Casting : Eva Lallier, Hélène Fillières, Micha Lescot, Ola Rapace, Thierry Hancisse, Louis-Do de Lencquesaing. Ruth Vega Fernandez

Synopsis : Dans un futur proche. La France compte dix millions de chômeurs, de véritables bidonvilles peuplés de miséreux squattent de nombreux quartiers des villes. Le seul exutoire pour la population, résignée à son sort, c'est un show télévisé, sous forme de combats ultraviolents où tous les coups sont permis. Arès vit de petits boulots. Jusqu'au jour où on lui propose de devenir l'un de ces combattants de l'impossible. On ne lui a pas laissé le choix: sa famille a été prise en otage. Il va lui falloir bien du talent pour sauver ceux qu'il aime sans pour autant renoncer à ce à quoi il croit...

Scénario : Allan Mauduit, Jean-Patrick Benes.
Musique : Alexandra Cortes, Christophe Julien.
Pays : France

Film pas encore disponible

En prenant la mesure de la crise économique qui frappait certains pays, à commencer par la Grèce, Jean-Patrick Benès a imaginé qu’à l’horizon 2035, dans moins de vingt ans donc, la France serait ravagée par un chômage de masse, que les rues abriteraient des millions d’indigents et que le seul loisir restant à la population en état de transe serait des combats d’une violence inouïe livrés par des athlètes dopés comme personne. C’est à l’un d’eux que le film s’intéresse…
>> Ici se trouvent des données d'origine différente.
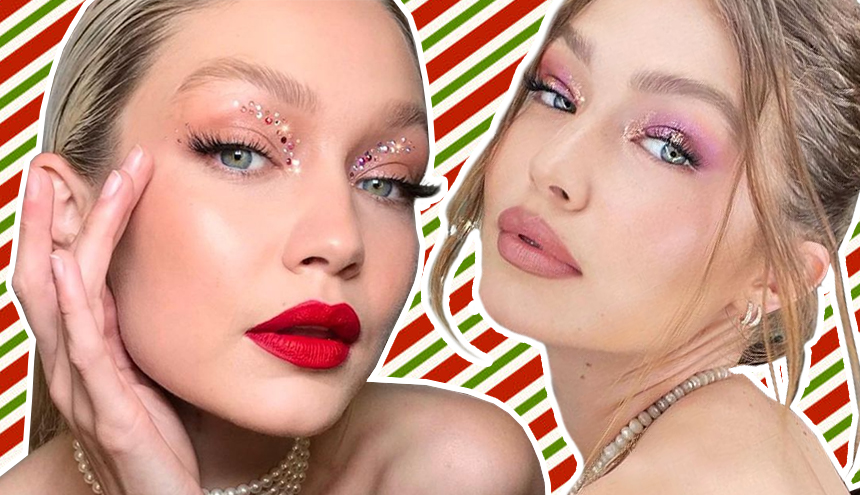 Kreasi Makeup Natal Jelang Perayaan Hari Sakral Umat Kristiani, Intip di Sini!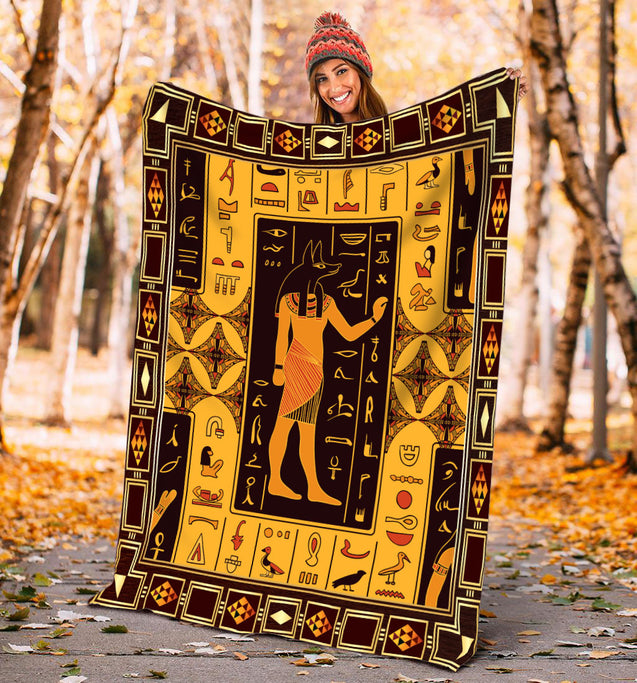 Egypt 3D All Over Printed Blanket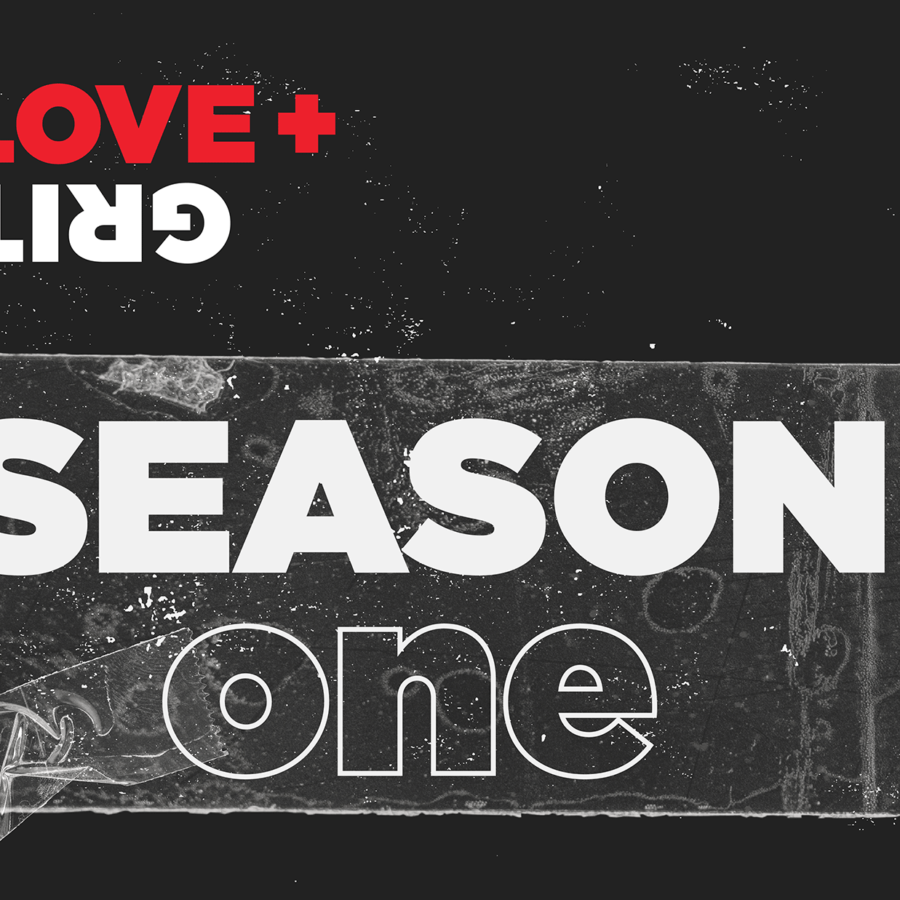 Banner da 1ª temporada de Love and Grit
Arès se situe donc à mi-chemin du film d’action, du polar futuriste et du cauchemar politique. Un lieu cinématographique rarement visité par le cinéma français, on en conviendra. Et Arès est d’autant plus étonnant qu’il est signé par un réalisateur que l’on pensait aux antipodes de ce genre de film, Jean-Patrick Benes ayant auparavant réalisé la très tonique comédie Vilaine, en compagnie d’Allan Mauduit. Un joli succès public suivi par une série télé tout aussi réussie : Kaboul Kitchen. Mais c’est sans son compère que Benes nous revient avec Arès.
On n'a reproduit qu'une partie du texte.